While I think collaborative filtering / recommendations may have a place in
sklearn, it is true that the problem setting is a little different from
most of the sklearn models.
You may want to take a look into mrec (https://github.com/mendeley/mrec)
where many well established CF approaches are implemented in an sklearn
API-friendly manner. This package also provides for some parallel training
of models.
Furthermore if you're looking at very large-scale data Spark's new Python
bindings to MLlib allow one to use the efficient cluster-parallel ALS
implementation from Python:
https://github.com/apache/incubator-spark/pull/283
On Wed, Jan 15, 2014 at 8:42 PM, Kyle Kastner <kastnerk...@gmail.com> wrote:
> I looked into this once upon a time, and one of the key problems (from
> talking to Jake IIRC) is how to handle the "missing values" in the input
> array. You would either need a mask, or some kind of indexing system for
> describing which value goes where in the input matrix. Either way, this
> extra argument would be a requirement for CF, but not for the existing
> algorithms in sklearn.
>
> Maybe it would only operate on sparse arrays, and infer that the values
> which are missing are the ones to be imputed ("recommended")? But not
> supporting dense arrays would basically be the opposite of other modules in
> sklearn, where dense input is default. Maybe someone can comment on this?
>
> I don't know how well this lines up with the existing API/functionality
> and the future directions there, but how to deal with the missing values is
> probably the primary concern for implementing CF algorithms in sklearn IMO.
>
>
> On Wed, Jan 15, 2014 at 12:07 PM, Manoj Kumar <
> manojkumarsivaraj...@gmail.com> wrote:
>
>> Hello,
>>
>> First of all, thanks to the scikit-learn community for guiding new
>> developers. I'm thankful for all the help that I've got with my Pull
>> Requests till now.
>>
>> I hope that this is the right place to discuss GSoC related ideas (I've
>> idled at the scikit-learn irc channel for quite a few occasions, but I
>> could not meet any core developer). I was browsing through the threads of
>> last year, when I found this idea related to collaborative filtering (CF)
>> quite interesting,
>> http://sourceforge.net/mailarchive/message.php?msg_id=30725712 , though
>> this was sadly not accepted.
>>
>> If the scikit-learn community is still enthusiastic about a recsys module
>> with CF algorithms implemented, I would love this to be my GSoC proposal
>> and we could discuss more about the algorithms, gelling with the present
>> sklearn API, how much we could possibly fit in a 3 month period etc.
>>
>> Awaiting a reply.
>>
>> --
>> Regards,
>> Manoj Kumar,
>> Mech Undergrad
>> http://manojbits.wordpress.com
>>
>>
>> ------------------------------------------------------------------------------
>> CenturyLink Cloud: The Leader in Enterprise Cloud Services.
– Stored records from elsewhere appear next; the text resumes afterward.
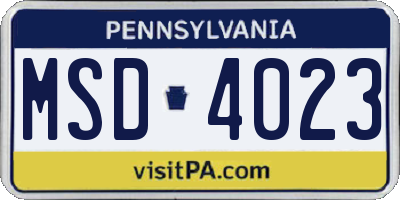 PA license plate MSD4023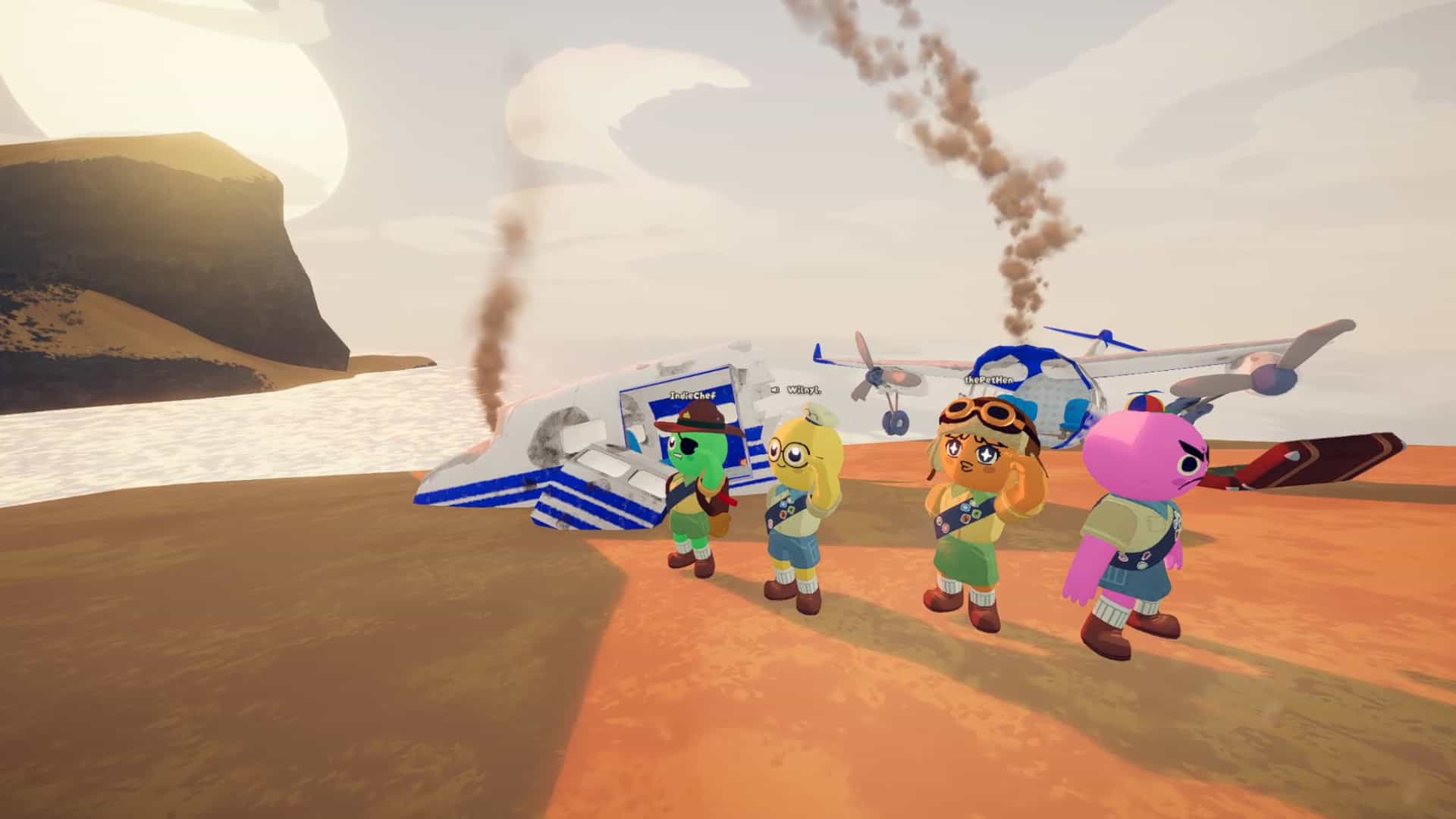 A screenshot of Peak player avatars at the game's opening crashsite. 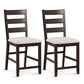 Costway 2 Piece Beige Counter Height Bar Stool Set with Padded Seat and Rubber Wood Legs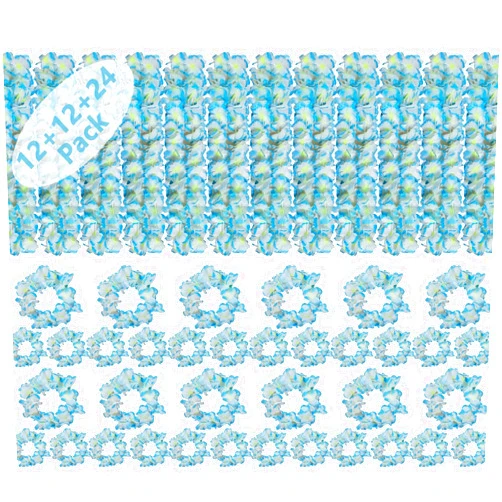 Mowane 48Pcs Thickened Hawaiian Leis Bulk, Tropical Flower Lei Jumbo 12 Headband 24 Bracelets 12 Floral Necklace Hawaii Party Supplies, Floral Garland Hula Luau Decorations Birthday Beach Wedding (Blue)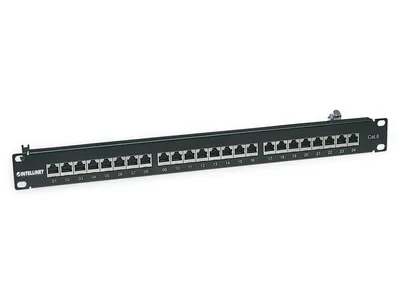 Obrázek produktu pro Intellinet 24portový patch panel Cat6, stíněný, 24 portů, FTP, 1 U, svorkovnice s 90stupňovými úhlovými kabelovými vstupy, černý - Patch panel - CAT 6 - FTP - RJ-45 X 24 - černý - 1U - 48,3 cm (19")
>> Learn Why More Businesses Are Choosing CenturyLink Cloud For
>> Critical Workloads, Development Environments & Everything In Between.
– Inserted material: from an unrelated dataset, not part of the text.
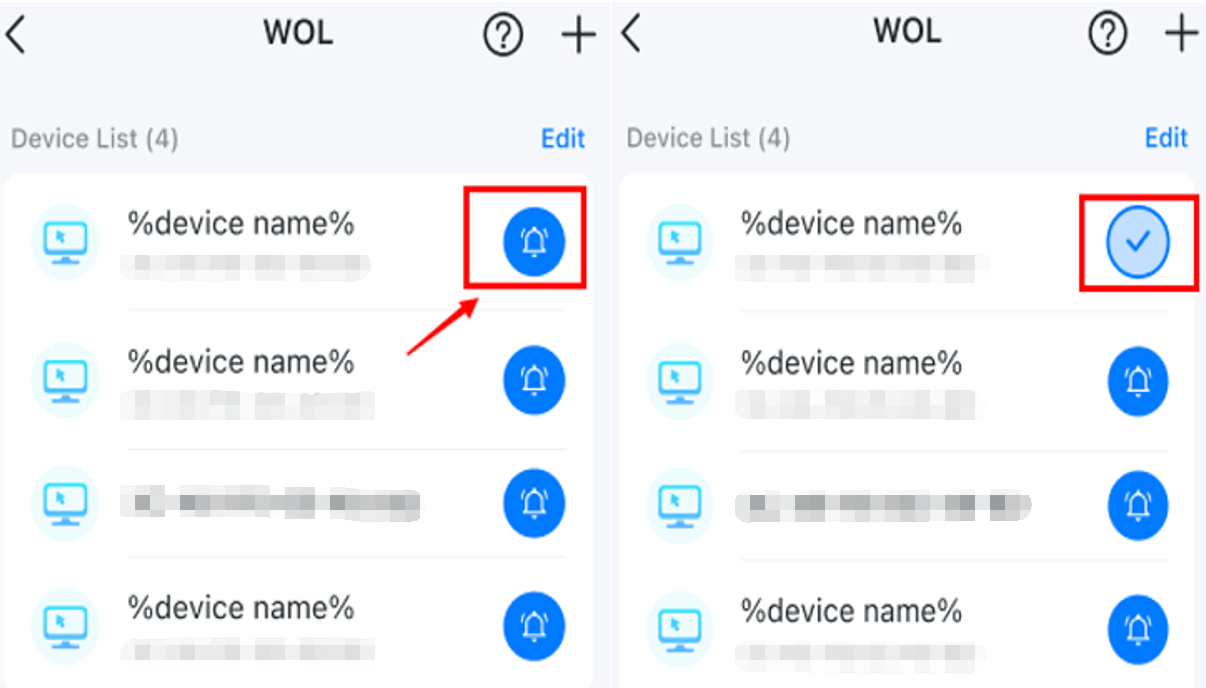 The WOL Page on the Tether app.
>> Get a Quote or Start a Free Trial Today.
>>
>> http://pubads.g.doubleclick.net/gampad/clk?id=119420431&iu=/4140/ostg.clktrk
>> _______________________________________________
>> Scikit-learn-general mailing list
>> Scikit-learn-general@lists.sourceforge.net
>> https://lists.sourceforge.net/lists/listinfo/scikit-learn-general
>>
>>
>
>
> ------------------------------------------------------------------------------
> CenturyLink Cloud: The Leader in Enterprise Cloud Services.
> Learn Why More Businesses Are Choosing CenturyLink Cloud For
> Critical Workloads, Development Environments & Everything In Between.
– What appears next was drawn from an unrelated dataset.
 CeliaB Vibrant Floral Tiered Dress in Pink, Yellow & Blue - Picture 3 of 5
> Get a Quote or Start a Free Trial Today.
>
> http://pubads.g.doubleclick.net/gampad/clk?id=119420431&iu=/4140/ostg.clktrk
> _______________________________________________
> Scikit-learn-general mailing list
> Scikit-learn-general@lists.sourceforge.net
> https://lists.sourceforge.net/lists/listinfo/scikit-learn-general
>
>
------------------------------------------------------------------------------
CenturyLink Cloud: The Leader in Enterprise Cloud Services.
Learn Why More Businesses Are Choosing CenturyLink Cloud For
Critical Workloads, Development Environments & Everything In Between.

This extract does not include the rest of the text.